--- START ---
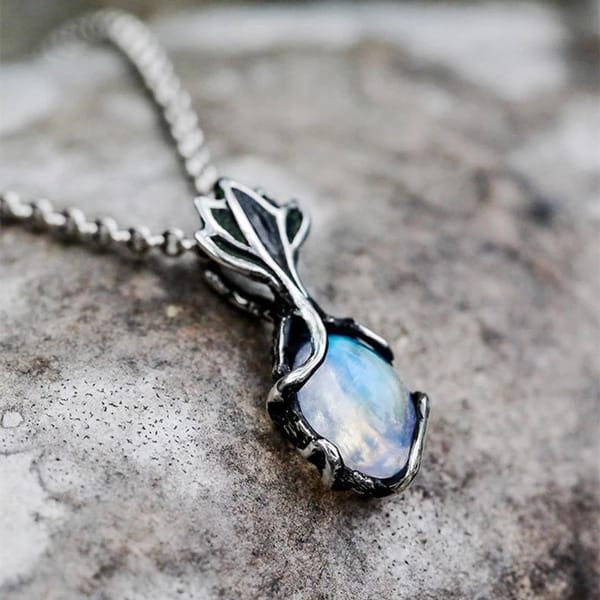 Collier en argent Lotus Éclatant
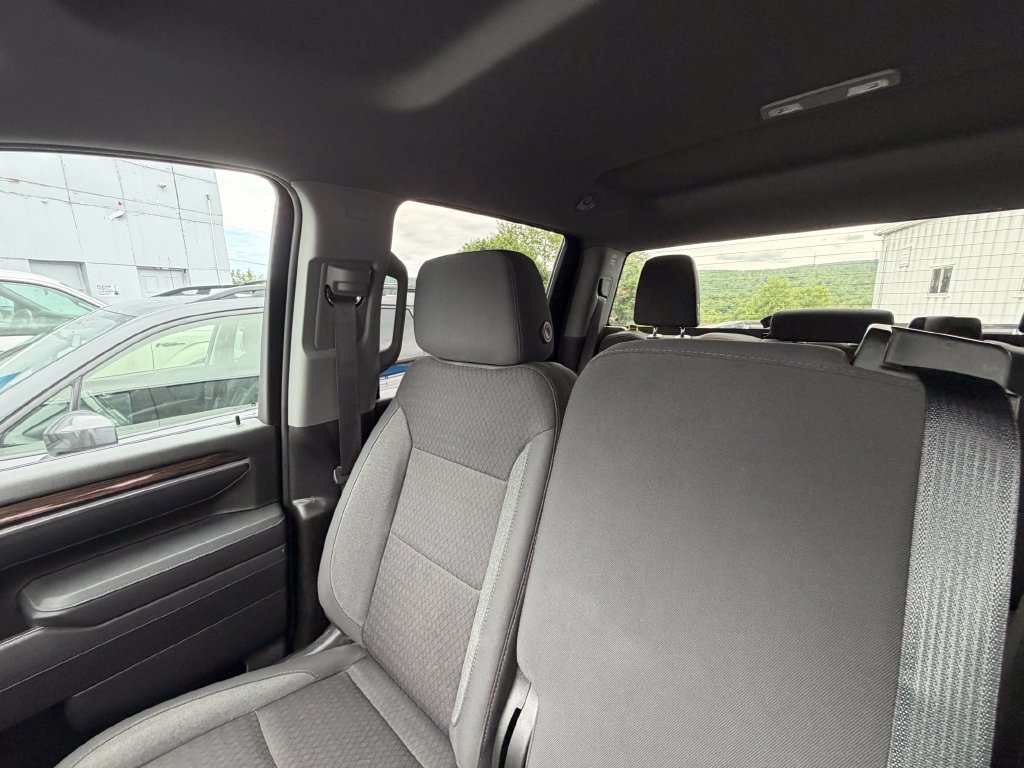 Used 2025 Chevrolet Silverado 2500 LT w/ Convenience Package AWD/4WD image 22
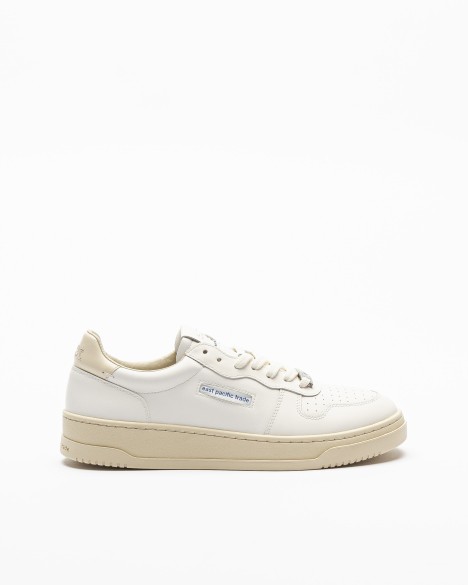 Sneakers East Pacific Trade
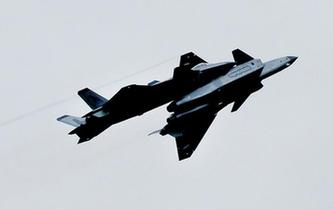 “殲-20，你不要飛得那么快……”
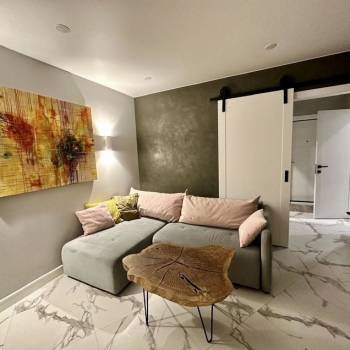 Продается 1-комнатная квартира, 40 м²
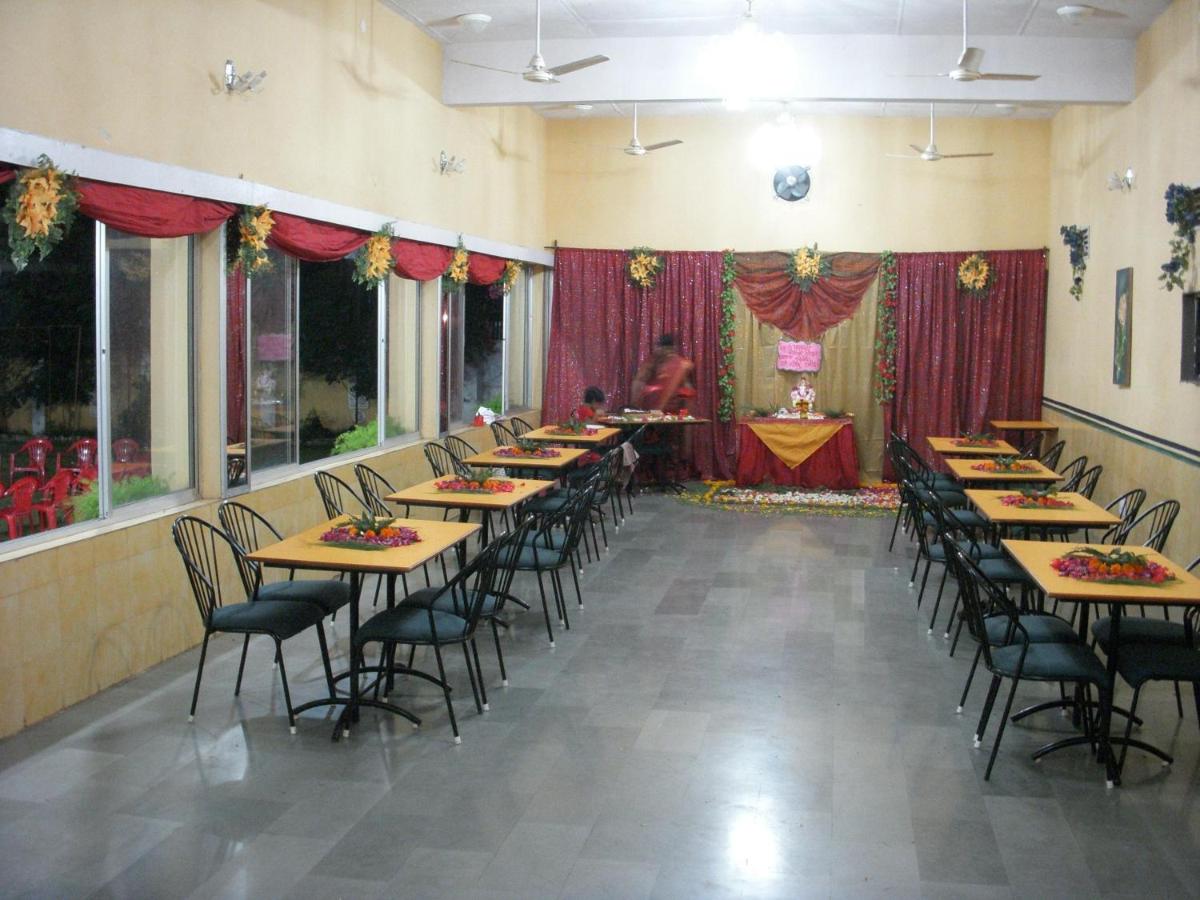 Hotel Grand Barrack - Housity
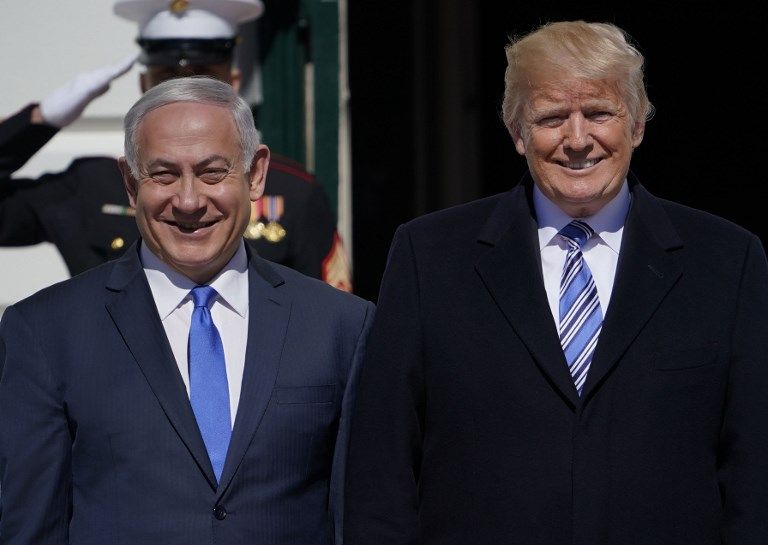 El presidente de los Estados Unidos, Donald Trump, da la bienvenida al primer ministro Benjamin Netanyahu a la Casa Blanca el 5 de marzo de 2018 en Washington, DC. (AFP Photo / Mandel Ngan)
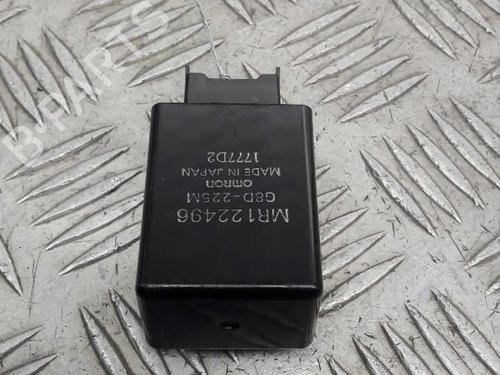 Used Electronic module Electronic module MITSUBISHI PAJERO II (V3_W, V2_W, V4_W, V5_W) 2.8 TD (V46W, V26W) (125 hp) 24853894 24853894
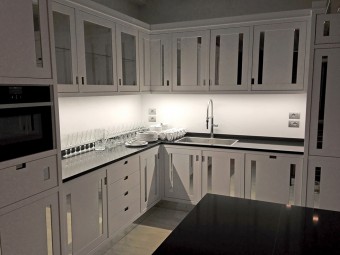 CUCINA. Le ante della facciata realizzate in legno laccato con inserti di specchio. Piano e alzata in Okite. Maniglie tailor made (BEZUS - LPL). Elettrodomestici BOSCH. Lavello e rubinetto BLANCO.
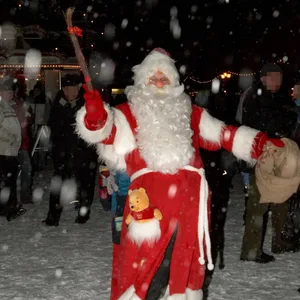 Auf einem Weihnachtsmarkt droht ein als Weihnachtsmann verkleideter Mann mit einer Rute (Symbolbild).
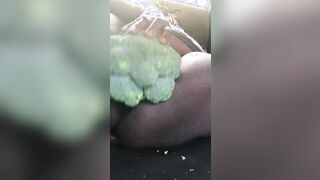 Who Has a food bdsm 
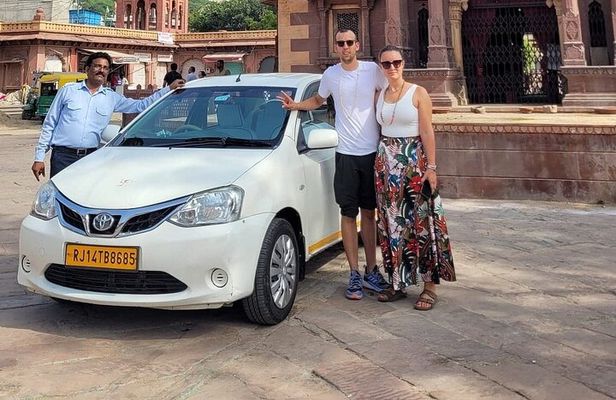 Jaipur 2-Day Private Customizable City Tour with Guide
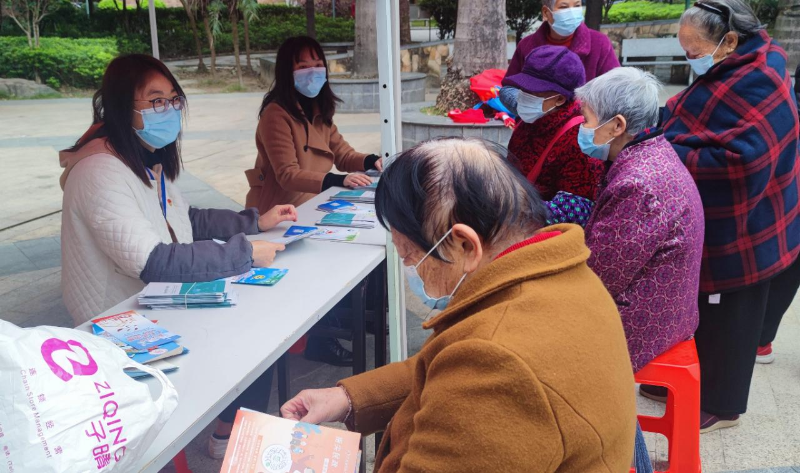 （圖為2022年12月6日，在清新區(qū)太和鎮(zhèn)建設(shè)社區(qū)駿豪城開(kāi)展法治宣傳活動(dòng)）.jpg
--- END ---
AIM OF THE TASK:
Output the line containing "Jaipur 2-Day Private" and each line after it, through the end of the material, exactly as given. No pictures belong in the output.

WRITTEN REPLY:
 Jaipur 2-Day Private Customizable City Tour with Guide
 （圖為2022年12月6日，在清新區(qū)太和鎮(zhèn)建設(shè)社區(qū)駿豪城開(kāi)展法治宣傳活動(dòng)）.jpg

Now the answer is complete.